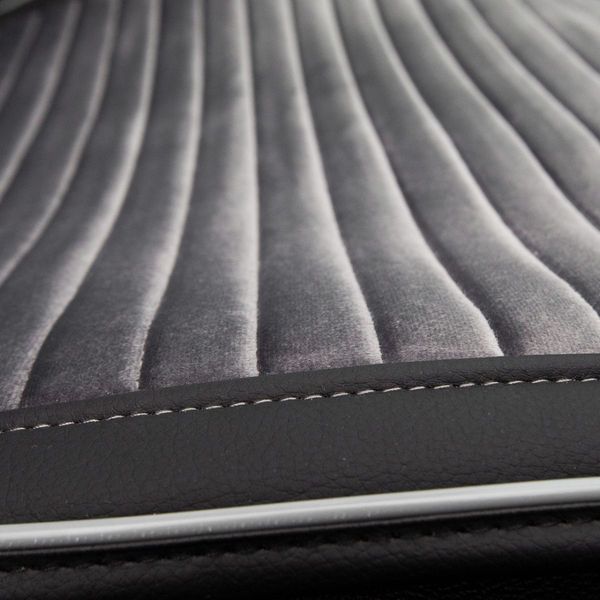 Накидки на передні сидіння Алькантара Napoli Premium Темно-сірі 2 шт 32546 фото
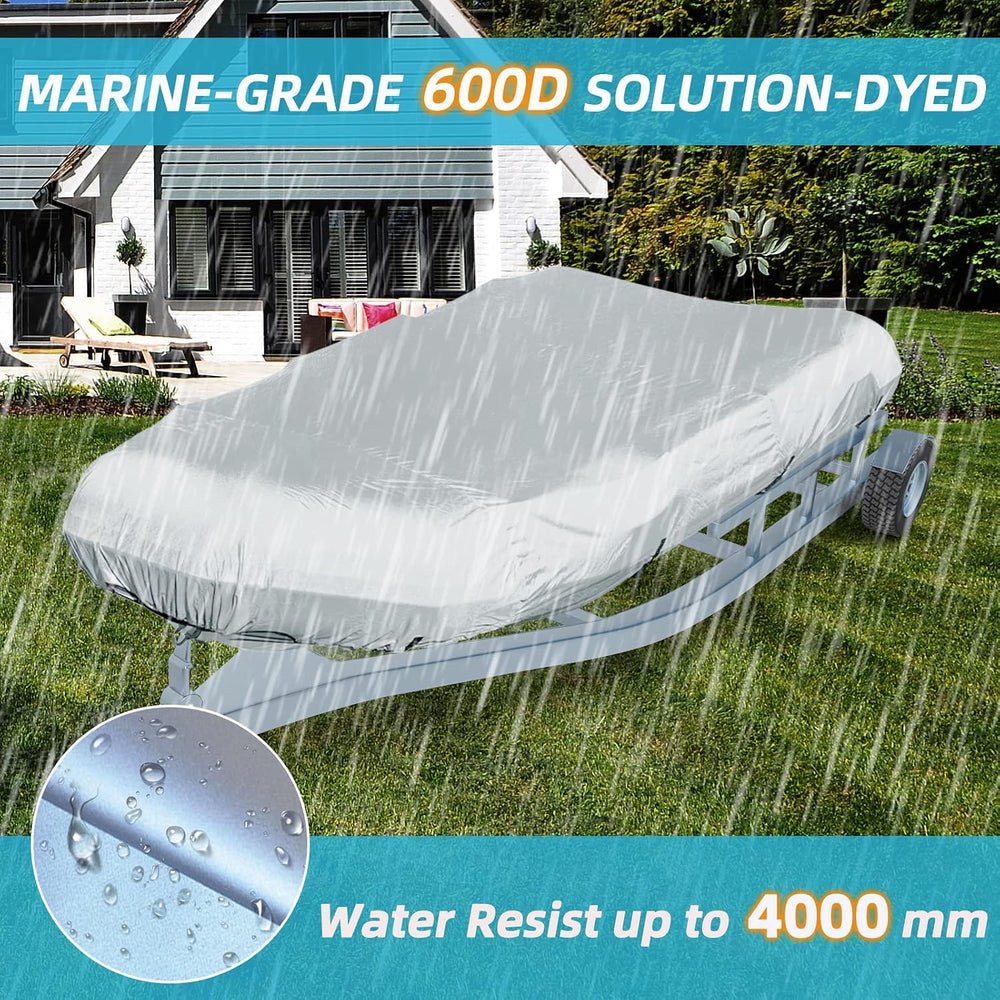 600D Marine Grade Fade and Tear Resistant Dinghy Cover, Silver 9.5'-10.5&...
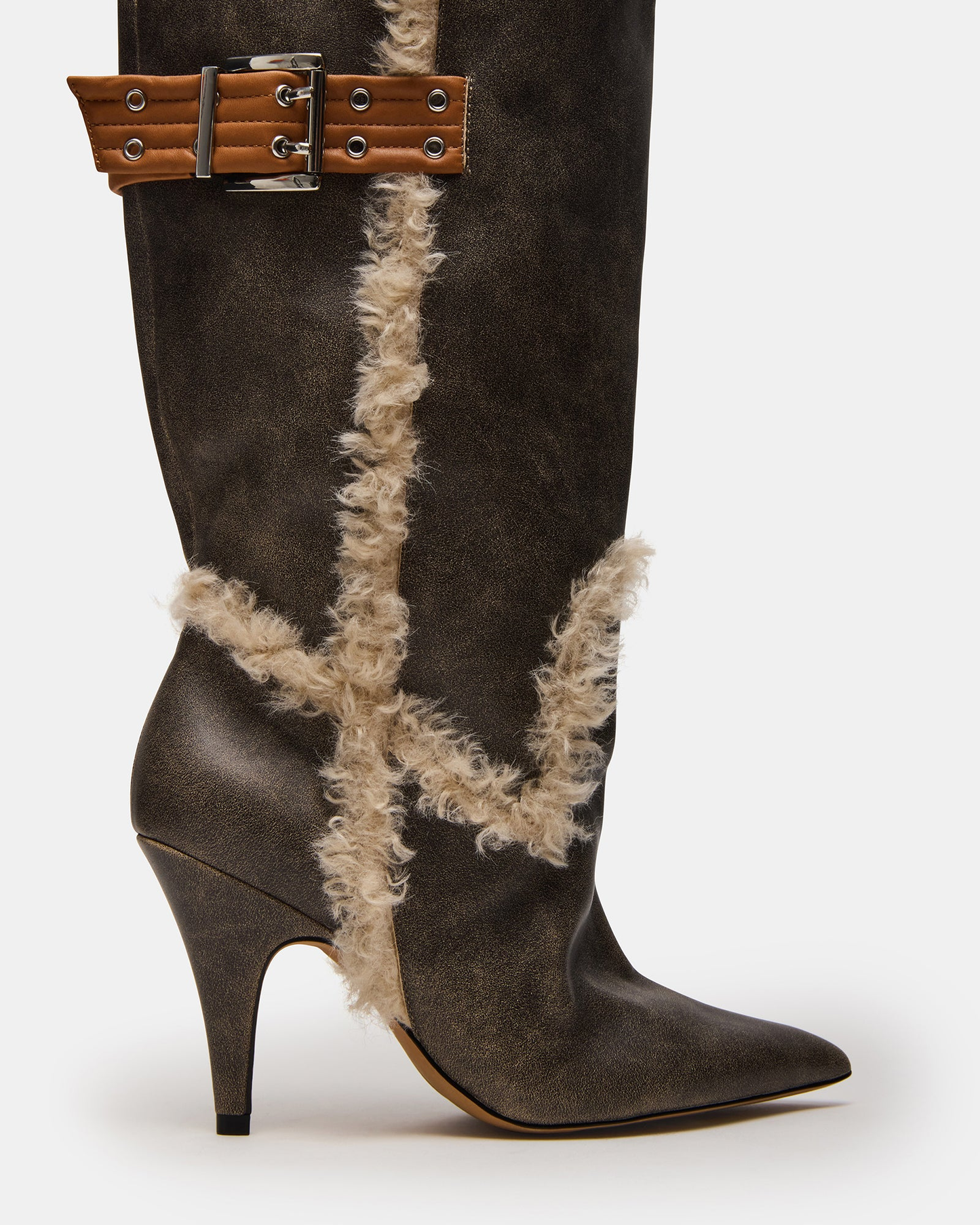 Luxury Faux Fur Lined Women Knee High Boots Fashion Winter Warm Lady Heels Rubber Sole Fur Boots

Task directions = Nothing but the text is wanted: repeat the data above exactly, without its images.

Completed task =
 Накидки на передні сидіння Алькантара Napoli Premium Темно-сірі 2 шт 32546 фото
 600D Marine Grade Fade and Tear Resistant Dinghy Cover, Silver 9.5'-10.5&...
 Luxury Faux Fur Lined Women Knee High Boots Fashion Winter Warm Lady Heels Rubber Sole Fur Boots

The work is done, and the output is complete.